Less immigrant labor in US contributing to price hikes
Just 10 miles from the Rio Grande, Mike Helle’s farm is so short of immigrant workers that he’s replaced 450 acres of labor-intensive leafy greens with crops that can be harvested by machinery. Al Flores raised the price of his brisket plate at his Houston BBQ restaurant because it was more expensive than usual due to the inability of meatpacking plants to employ enough immigrants. In the Dallas area, Joshua Correa raised prices on the homes his company builds by $150,000 to cover increased costs stemming partly from a lack of immigrant labor.
” These 2 million missing immigrants are part of why we have a labor crisis,” stated Giovanni Peri, an economist at University of California at Davis. “In the short run, we are going to adjust to these shortages in the labor market through an increase in wages and in prices.”
The labor issues are among several contributors to the highest inflation in 40 years in the United States — from supply chains mangled by the pandemic to a surge in energy and commodity prices following Russia’s invasion of Ukraine.
Steve Camarota is a researcher at The Center for Immigration Studies. He believes that a surge in illegal immigration under President Joe Biden would make up any shortfalls left by the pandemic. He also believes that wage increases in low-paying industries like agriculture are minor contributors.
” I don’t think wages going down is bad for the poor and I think mathematically, it is impossible to drive down inflation through limiting wages at bottom,” Camarota said to The Associated Press.
Immigration is rapidly returning to its pre-pandemic levels, researchers say, but the U.S. would need a significant acceleration to make up its deficit. Given a sharp decline in births in the United States over the past two decades, some economists forecast the overall pool of potential workers will start shrinking by 2025. The immigrant worker shortage is occurring as the U.S. political systems shows less interest in increasing immigration. Democrats, who control all branches and have been more supportive of immigration in recent years, have not attempted to push for major legislation that would allow more people to come to the country. Recent Gallup polls showed that illegal immigration worries are at an all-time high. With a difficult election in November, Democrats are growing divided over the Biden administration’s attempt to eliminate pandemic-related restrictions for asylum seekers.
” At some point, we either decide to get older and smaller or change our immigration policies,” said Douglas Holtz Eakin, an economist who was formerly a member of President George W. Bush’s administration and is the president of the center-right American Action Forum. He acknowledged a change in immigration policy is unlikely: “The bases of both parties are so locked in.”
That’s certainly the case in Republican-dominated Texas, which includes the longest and busiest stretch of the southern border. The Legislature in 2017 forced cities to comply with federal immigration agents seeking people who are in the U.S. illegally. Gov. Greg Abbott sent the Texas National Guard as a border patrol and created traffic jams by ordering more inspections at the border ports. Some Texas business owners are distressed by the turn against immigration. Correa stated that immigration is essential for the United States’ workforce. “We just need it.”

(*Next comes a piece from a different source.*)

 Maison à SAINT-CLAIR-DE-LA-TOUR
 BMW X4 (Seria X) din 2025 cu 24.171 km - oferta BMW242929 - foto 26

He’s seeing delays of two to three months on his projects as he and his subcontractors — from drywallers to plumbers to electricians — struggle to field crews. Correa has raised the standard price of his houses from $500,000 to about $650,000.
“We’re feeling it and, if we’re feeling it at the end of the day as builders and developers, the consumer pays the price,” said Correa, who spoke from Pensacola, Florida, where he brought a construction crew as a favor to a client whose hasn’t been able to find laborers to fix a beach house damaged by Hurricane Sally in 2020.
The share of the U.S. population born in another country — 13.5% in the latest census — is the highest it has been since the 19th century. But even before Donald Trump won the 2016 presidential election vowing to cut immigration, migration to the United States was slowing. Many jobs that had attracted workers to the United States, legal or illegally, were lost in the Great Recession. The rising standard of living in Latin America has encouraged more people to either stay or return to the United States.
Flores, who runs a chain of Mexican restaurants as well as his barbecue restaurant, said while the COVID-19 pandemic was a bigger shock to his industry, the immigration slowdown has hit it hard — and not just for meatpackers that supply his restaurant’s brisket. He said, “You have a lot of jobs that aren’t being filled.”
He’s steadily raised pay, up to $15 an hour recently. Flores, who is president of the Greater Houston Restaurant Association, said that “this is a culmination in years and years.”
Helle is an immigrant who raises onion and cabbage in McAllen, Texas. He claims that people born in the U.S. won’t work in the fields, regardless of their pay.
Before he could only find farmworkers in his area. He now works for a federal program that allows him to bring in agricultural workers across the border. Although it is more costly for him, he believes it is the only way to prevent his crops from rotting.
Helle, 60, has farmed the area for decades. “I live 10 miles from the Rio Grande river and I never in my life thought we’d be in this situation.”